Under the Apple Premium Reseller program, which includes a chain of stores that exclusively sells Apple products, Apple required each distributor to charge a set price — a move that the watchdog believed sterilized the wholesale market. The French authorities also found Apple reserved stocks in times of heavy demand for its own offline and online stores and restricted supplies to third-party retail partners.
France’s antitrust law dictates that companies cannot be partial to their own sales channels and must treat distribution partners equally. It also states that retailers should be able to determine prices based on their position and goals. On top of that, the Apple Premium Reseller contract specifies exactly how many units of each product are allocated to a retailer — another violation of France’s rules against anticompetitive practices.
“During this case, the authority deciphered the very specific practices that had been implemented by Apple for the distribution of its products in France (excluding iPhones), such as the iPad. Given the strong impact of these practices on competition in the distribution of Apple products via Apple premium resellers, the authority imposes the highest penalty ever pronounced in a case (€1.24 billion). Finally, the authority considered that, in the present case, Apple had committed an abuse of economic dependence on its premium retailers, a practice which the authority considers to be particularly serious,” said Isabelle de Silva, president of the French Competition Authority, in a statement.
Along with Apple, two of its wholesale partners, Tech Data and Ingram Micro, were fined $84.7 million and $69 million, respectively, for partnering with Apple to practically operate a “cartel” within the APR distribution network and prevent other distributors to compete on price.
An Apple spokesperson called the decision “disheartening” in a statement to CNBC, and said it “relates to practices from over a decade ago and discards 30 years of legal precedent that all companies in France rely on with an order that will cause chaos for companies across all industries.

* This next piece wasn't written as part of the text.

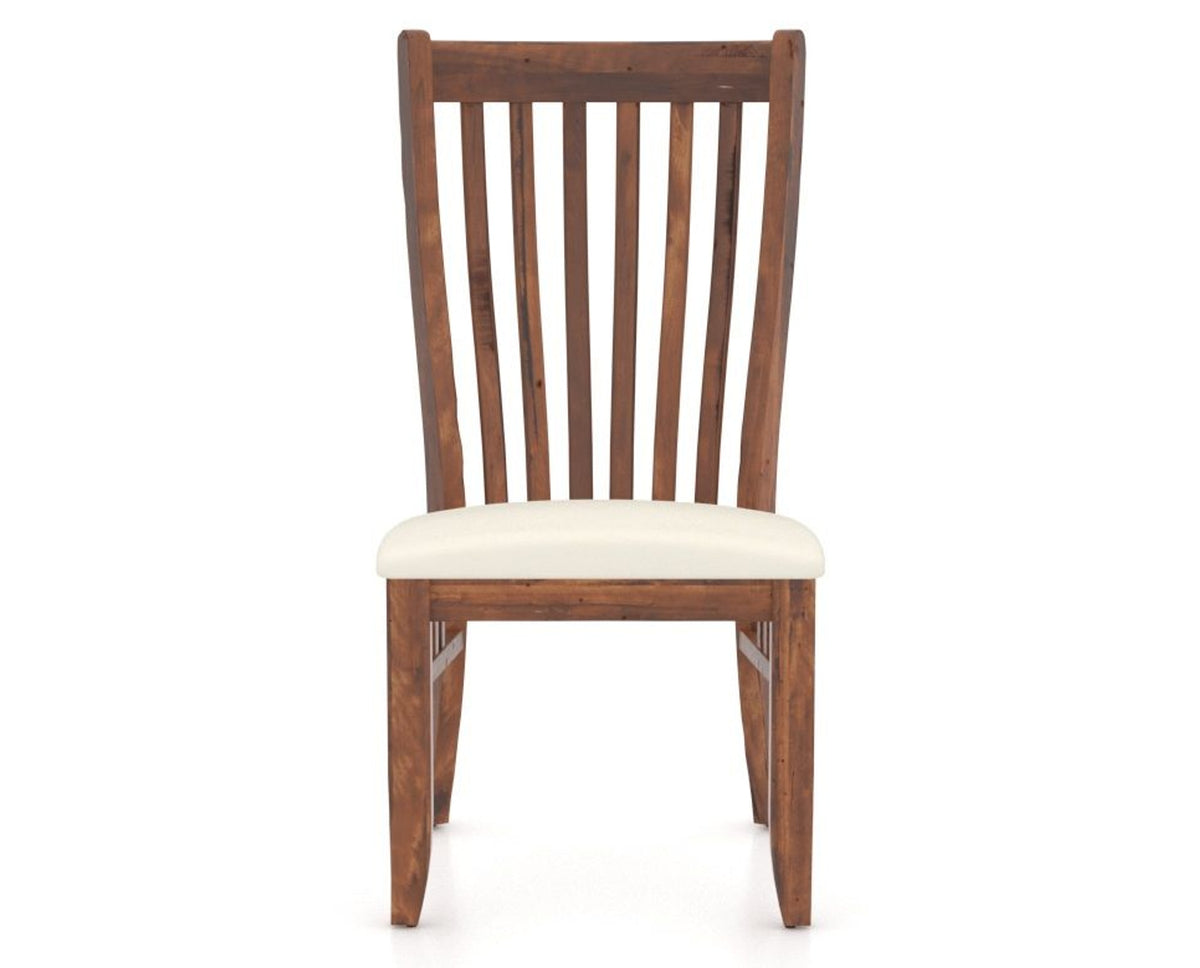 Canadel Champlain Dining Chair 0119 in YJ Faux Leather and 33 Spice Washed, front view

We strongly disagree with them and plan to appeal.”
France’s decision is the result of an investigation that first kicked off nearly 8 years ago when the country’s biggest Apple seller, eBizcuss, collapsed and subsequently filed a lawsuit against Apple for holding back inventory after the retailer’s CEO publicly accused the company of anticompetitive behavior. Earlier this month, Apple also agreed to pay up to $500 million to settle a lawsuit over quietly throttling older iPhones in the United States.